She refers to a study done this year by scientists at the Phillip Morris Tobacco Company that indicates children who use electronic cigarettes are 85% more likely to go on to harder drugs like marijuana and even paint huffing.

The new regulations have taken years to hammer out and are designed to implement the Tobacco Control Act of 2009. In the act, Congress authorized the FDA to extend its regulation to virtually all tobacco products.

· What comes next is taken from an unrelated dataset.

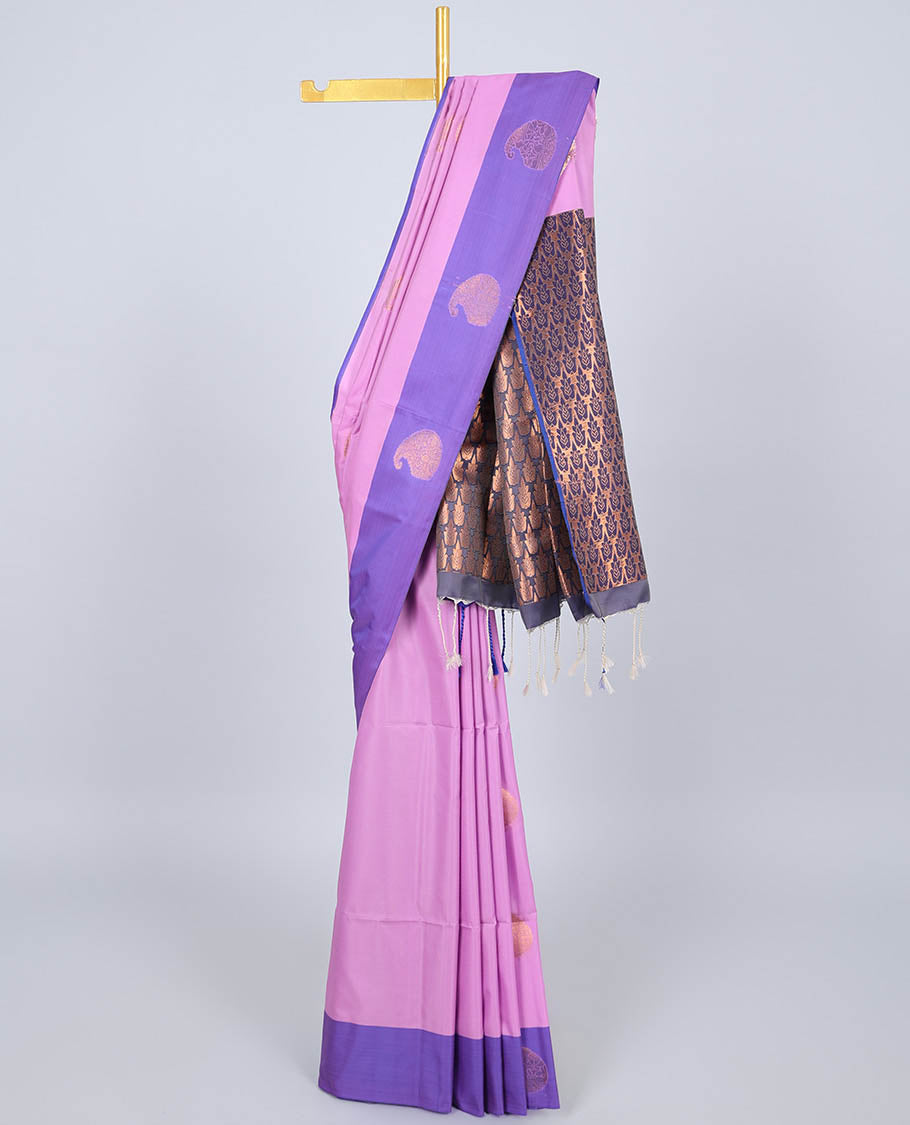 Pink semi-soft silk saree with zari buttas, contrast paisley design zari border & ogee patterned pallu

Manufacturers, who have fiercely opposed the regulations, will have up to two years to prepare applications for their post-February 2007 products and a year to win FDA approval. This review process is a standard FDA tool used to assess the safety of potentially risky products. The goal will be to make it too costly for small fly by night companies to introduce dangerous products to the public.It will be kept in the hands of safer larger companies like Monsanto and Phillip Morris Tobacco.

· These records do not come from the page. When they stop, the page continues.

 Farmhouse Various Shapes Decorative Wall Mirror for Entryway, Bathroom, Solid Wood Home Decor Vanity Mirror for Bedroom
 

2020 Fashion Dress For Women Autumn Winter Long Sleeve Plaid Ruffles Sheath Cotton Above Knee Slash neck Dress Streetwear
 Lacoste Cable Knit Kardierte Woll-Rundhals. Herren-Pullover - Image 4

Source http://sumo.ly/jseq
 
The prodigal Fox News the FB bot returns. lol
 
I wonder what the percentage of child using e-cigs is...no doubt it is minuscule, but big gov must do what big gov always does.
 
The announced FDA regulations definitely fall into what I consider as the overreach of the "nanny state." I'm okay with some "nannying," but prohibiting the sale/purchase of booze and cigarettes isn't within the scope of protections I think are needed.